シルエットからしてドラゴンではない。それにしては、きちんと竜語を喋る。
つまり、この男はエッグで長い間暮らしているという事になる。
一体何者なのか? 猟奇殺人に手を貸すメリットはなんなのか?
そういった疑問が浮かぶ。
だから、ルビィは言葉を続ける。
「……あの世で会える。とか言う気?
とんだ病的サディストね」
パン! と横顔を引っぱたかれて、ルビィは地面に転がった。
角の削れた石畳。かなり古い。
その男は、顎で他の白づくめに何かを指示したようだった。
別の三人が飛びかかってくる。
「ぎゃん!」
力いっぱい頭を地面に押し付けられて、ルビィは悲鳴を上げた。
「……いい目だ」
心底楽しそうに、ルビィを殴りつけた白づくめが呟く。
「……この……っ」
ルビィは何とか首をねじって、その白づくめを睨みつける。
もっとも、睨んだところで相手を喜ばせるだけかも知れないのだが。
白づくめは、袖をごそごそとやって、何かを取り出す。
「……ぃっ!?」
ルビィはのどの奥で悲鳴を飲み込んだ。
白づくめが取り出したのは、凶悪な曲面を持った短剣である。
……殺される!?
「このっ!」
叫んでルビィは、もがいた。
しかし、ドラゴンというのはうつ伏せの状態で翼の上に乗られると、ほとんど抵抗できないのだ。

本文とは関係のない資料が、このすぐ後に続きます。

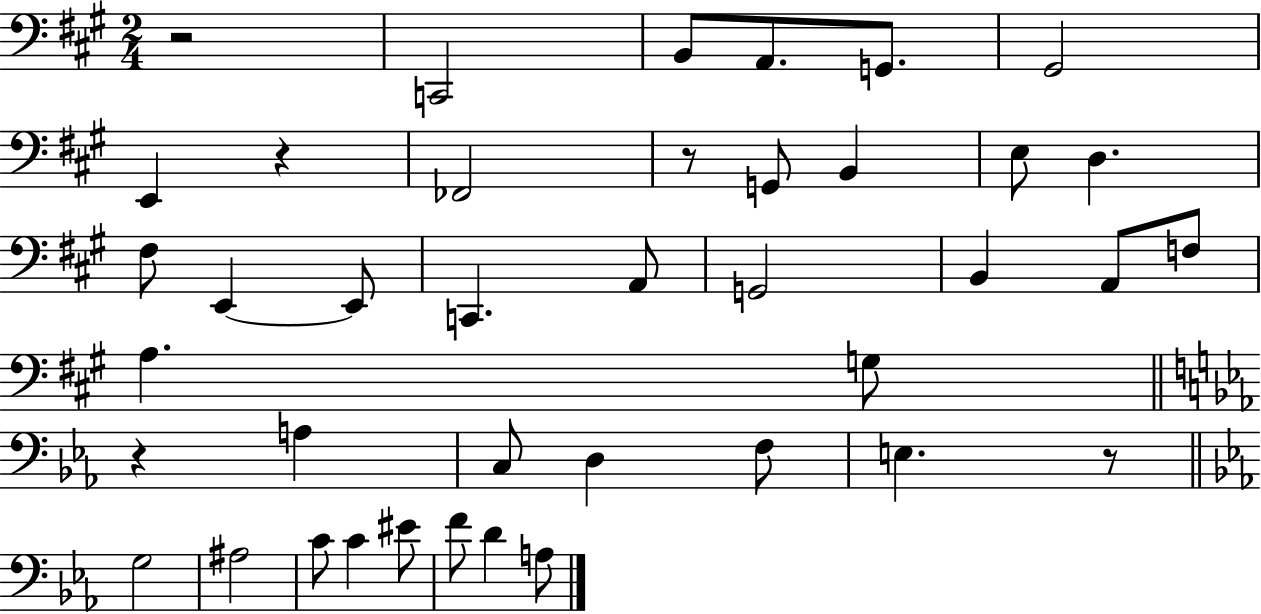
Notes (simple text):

R/h C2/h B2/e A2/e. G2/e. G#2/h E2/q R/q FES2/h R/e G2/e B2/q E3/e D3/q. F#3/e E2/q E2/e C2/q. A2/e G2/h B2/q A2/e F3/e A3/q. G3/e R/q A3/q C3/e D3/q F3/e E3/q. R/e G3/h A#3/h C4/e C4/q EIS4/e F4/e D4/q A3/e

ましてや、小柄なドラゴンであるルビィの片側の翼に一人づつ、さらに下半身に人が乗っているこの状態で、ルビィが抵抗するのは簡単ではない。
短剣が近づく。
「ぐっ……」
首に冷たい刃物が触れる。
TPOをわきまえたヒロインなら、やはり泣きわめきながら助けを求める所なのだろうが、ルビィの中の冷静な部分がそれを押しとどめる。
大体、現状泣きわめいても正義の味方が現れるわけがない。
そもそも正義の味方が現れたら、ルビィが成敗される側の可能性まである。
切り裂かれる激痛を覚悟して、何か気の利いた言葉を考え始めたルビィではあったが、どうも話はそんなに簡単でもないようだ。

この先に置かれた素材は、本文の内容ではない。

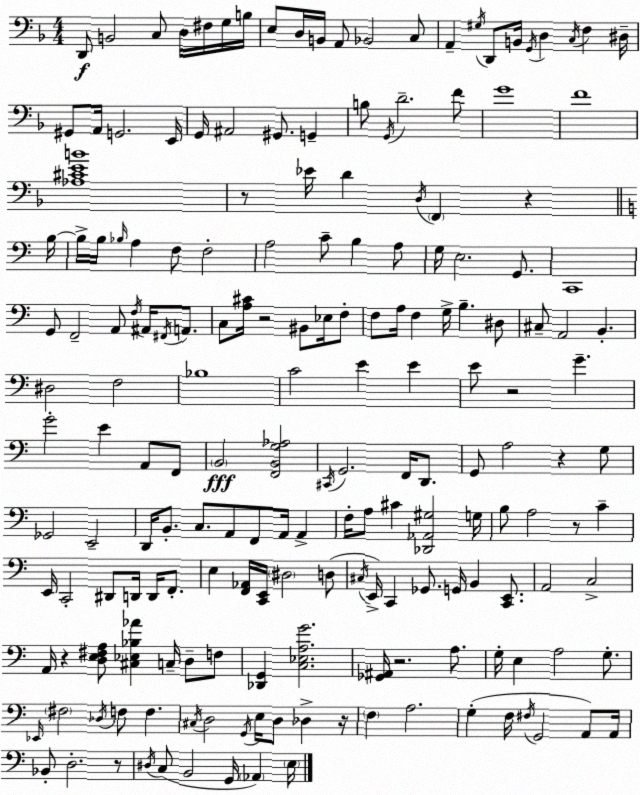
X:1
T:Untitled
M:4/4
L:1/4
K:Dm
D,,/2 B,,2 C,/2 D,/4 ^F,/4 G,/4 B,/4 E,/2 D,/4 B,,/4 A,,/2 _B,,2 C,/2 A,, ^G,/4 D,,/2 B,,/4 G,,/4 D, C,/4 F, ^D,/4 ^G,,/2 A,,/4 G,,2 E,,/4 G,,/4 ^A,,2 ^G,,/2 G,, B,/2 G,,/4 D2 F/2 G4 F4 [_A,^CEB]4 z/2 _E/4 D D,/4 F,, z B,/4 B,/4 B,/4 _B,/4 A, F,/2 F,2 A,2 C/2 B, A,/2 G,/4 E,2 G,,/2 C,,4 G,,/2 F,,2 A,,/2 F,/4 ^A,,/4 ^F,,/4 A,,/2 C,/2 [A,^C]/4 z2 ^B,,/2 _E,/4 F,/2 F,/2 A,/4 F, G,/4 B, ^D,/2 ^C,/2 A,,2 B,, ^D,2 F,2 _B,4 C2 E E E/2 z2 G G2 E A,,/2 F,,/2 B,,2 [F,,B,,G,_A,]2 ^C,,/4 G,,2 F,,/4 D,,/2 G,,/2 A,2 z G,/2 _G,,2 E,,2 D,,/4 B,,/2 C,/2 A,,/2 F,,/2 A,,/4 A,, F,/4 A,/2 ^C [_D,,_A,,^G,]2 G,/4 B,/2 A,2 z/2 C E,,/4 C,,2 ^D,,/2 D,,/4 D,,/4 F,,/2 E, [F,,_A,,]/4 [C,,E,,]/4 ^D,2 D,/2 ^C,/4 E,,/4 C,, _G,,/2 G,,/4 B,, [C,,E,,]/2 A,,2 C,2 A,,/4 z [D,E,^F,A,]/2 [^C,_E,_B,_A] C,/4 D,/2 F,/2 [_D,,G,,] [C,_E,A,G]2 [_G,,^A,,]/4 z2 A,/2 G,/4 E, A,2 G,/2 _E,,/4 ^F,2 _D,/4 F,/2 F, ^C,/4 D,2 G,,/4 E,/4 D,/2 _D, z/4 F, A,2 G, F,/4 ^F,/4 G,,2 A,,/2 A,,/4 _B,,/2 D,2 z/2 ^D,/4 C,/2 B,,2 G,,/4 _A,, E,/4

襟首から差し入れられた短剣は、あっさりと化学繊維でできた服を切り裂いていく。
……これは……
どうやらすぐには殺さないつもりのようだ。
しかし、これはこれで、別種の恐怖がある。
ふとルビィは、『人の恐怖を喰らう化け物』が居ると言う都市伝説を思い出した。
トップスから、スカートまでを切り裂かれると、乱暴に仰向けにされる。
「……っ」
更に数度、白づくめが慣れた手つきで鋭利な刃物が衣服を切り裂くと、ルビィは文字通り丸裸にされた。
こうなると本当にどうしようもない。
サイラースの魔女の犠牲者は、殺される前に強姦されたのだろうか? と疑問がよぎる。
ルビィはその情報を知らないが、あるいは知らない方がよかったのかも知れない。
周りがどう思っているかは知らないが、ルビィは自分に女の魅力があるとは思っていない。

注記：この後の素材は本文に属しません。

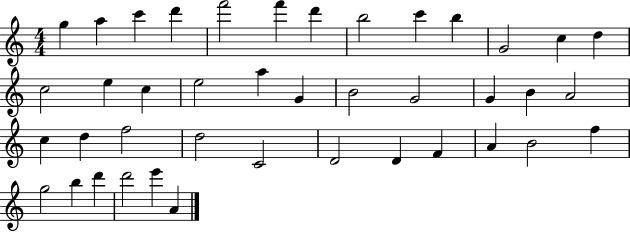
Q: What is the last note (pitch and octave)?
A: A4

実際、アベルは全く反応を示さなかった。もっとも、これはアベルの周りにシルクコットやレクシーといった、キレイどころのドラゴンが揃っているのが原因かも知れないが。
どちらにしろ、このあたりのドラゴンとは比較にならないという事だろう。
それでも、胸元と下腹部を隠し……隠さざるを得ないのは、おんなの悲しいサガだ……ルビィは白づくめ達を睨みつけた。
「……気が強いな」
さっきまで喋っていた白づくめと違う男が喋る。いや、声から男と推定できたのだが。
「殺されるとわかってて抵抗しないなんてナンセンスだわ」
言い放つ。
今はまだ、どうしようもない。時を待たなければならない。
反撃の時だ。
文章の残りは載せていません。